10.31014/aior.1994.07.01.300

Pages: 14-24

Keywords: Cognitive, Valproic Acid, Levetiracetam, Idiopathic Generalized Epilepsy

Abstract

Epilepsy affects cognition through several mechanisms in a complex relationship. Valproic acid (VPA) and levetiracetam (LEV) are widely used due to their good efficacy and tolerability profiles. However, VPA may cause impairment of spatial working memory.

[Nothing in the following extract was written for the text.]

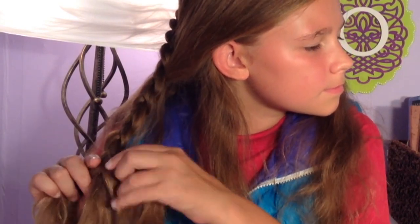Let me fix those flyaways. So I haven't quite finished my braid, and the reason for that is because I want to pull the edges of the braid — I'm just going to be using the right side — and I want them nice and fluffy and big.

There has not been much explanation regarding the negative cognitive side effects of LEV, few research suggests that LEV may even have a stimulating effect on cognition. Evidence of the comparative effects of anti-epileptic drugs on cognitive function is still limited. Objective: To investigate the effects of VPA monotherapy and LEV monotherapy on idiopathic generalized epilepsy patients. Methods: This was a cross-sectional observational study of patients with IGE taking either VPA monotherapy (n=28) or LEV (n=25). All patients underwent cognitive function assessment using MoCA-Ina, CDT, TMT A and B. Results: There was a significant association between 64.3% of patients taking VPA having MoCA-Ina score <26 vs. only 12% in patients taking LEV (OR 13.2, 95% CI 3.150-56.309, p<0.001), 35.7% of patients taking VPA vs. 0% in patients taking LEV on TMT-A score (p<0,001), and 46.4% of patients taking VPA vs. 4% in patients taking LEV on TMT-B score (OR 20.80, 95% CI 2.462-175.696, p 0,001). Neither patients with VPA monotherapy nor LEV monotherapy was statistically significant in CDT score (57.1% vs 36%, OR 0.422, 95% CI 0.139-1.277, p 0.170). Conclusion: This study showed patients with VPA have lower cognitive function than LEV. Further studies on cognitive function in epilepsy are recommended to provide information to assist in efficient drug selection decision-making for patients.